The Glowing Man
7.5
The Glowing Man

Album de Swans (2016)

Prêtre, prieur, Chaman, druide, sorcier, magicien, bokor, nécromancien, enchanteur...L'homme ou peut être était-ce une femme enfin plutôt la chose qui y faisait penser s'avança dans la lumière noire...oui une chose...Ses pieds nus semblaient rentrer dans la terre quand elle marchait un peu comme si elle eut fait corps avec les éléments. Son pas était lent mais plein, d'une constance métronomique car elle balançait légèrement de droite à gauche. Son corps glabre, aride comme un désert de sel, noueux, paraissait fait de bois, un bois imputrescible durci par les flammes de plusieurs vies, par un Soleil au rougeoiement affreux, insupportable. Ses membres étaient décharnés mais ils semblaient faits pour durer des éons.

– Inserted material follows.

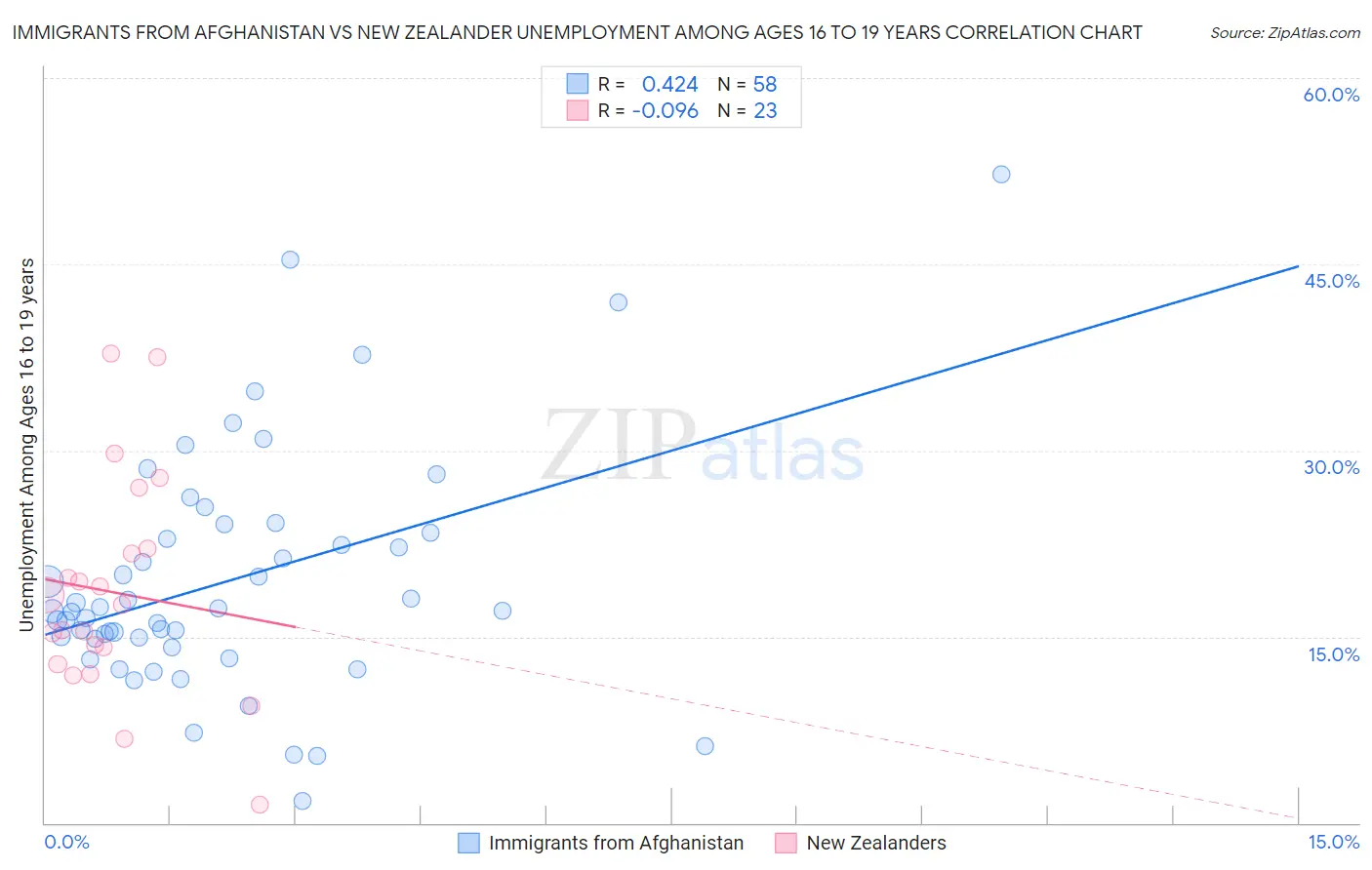 Immigrants from Afghanistan vs New Zealander Unemployment Among Ages 16 to 19 years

Comment des jambes aussi minces et frêles d'apparence pouvaient-elles soutenir ce tronc massif et tendu, lui même soutenant une tête qui souriait comme seul sait sourire un démon malsain. C'était si étrange de voir ce crâne qui oscillait en cadence. Sur le visage apparaissaient des dessins, sortes de signes cabalistiques qui clignotaient en fonction des variations de la lumière noire, du déplacement. Personnage hideux, presque beau dans sa tristesse solitaire... tout en lui évoquait la gangrène, la pourriture qui gagne toutes les choses, préalable incontournable à la poussière, atomes noyés dans l'Univers. Tic tac, tic tac, tic tac... la créature ni homme, ni femme balançait mollement avec une sorte de tendresse, une espèce de gentillesse...je viens...j'arrive...Aucun son...Rien !...un silence irréel régnait sur le tableau morbide ou, à peine perceptible, le chuintement issu du déplacement, du glissement, résonnait dans l'air.

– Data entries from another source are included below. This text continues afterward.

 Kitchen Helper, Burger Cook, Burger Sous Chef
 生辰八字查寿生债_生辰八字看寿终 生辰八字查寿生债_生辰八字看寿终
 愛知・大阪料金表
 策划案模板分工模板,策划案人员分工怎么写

Un brouillard laiteux, nauséeux allait bientôt s'estomper. Au loin sur la chaîne montagneuse qui s'étirait comme une longue échine de dragon il n’en restait plus du tout. Sur la plaine où évoluait le marcheur fantôme la nuit opaline se liquéfiait. De place en place la surface trouble d'un marécage couvert d’une oseraie pauvre ou verdi maladroitement d'ajoncs malingres ; à l’horizon, au dessus des montagnes, par delà les cimes enchanteresses et inquiétantes la lumière de la nuit noire parsemée d'étoiles brasillait. La scène recelait une splendeur merveilleuse. Nuit noire aux dents terribles pour dévorer les sommets, les dissoudre et encore plus haut l'univers immense flamboyant et miroitant comme incendié par le chant de la voie lactée.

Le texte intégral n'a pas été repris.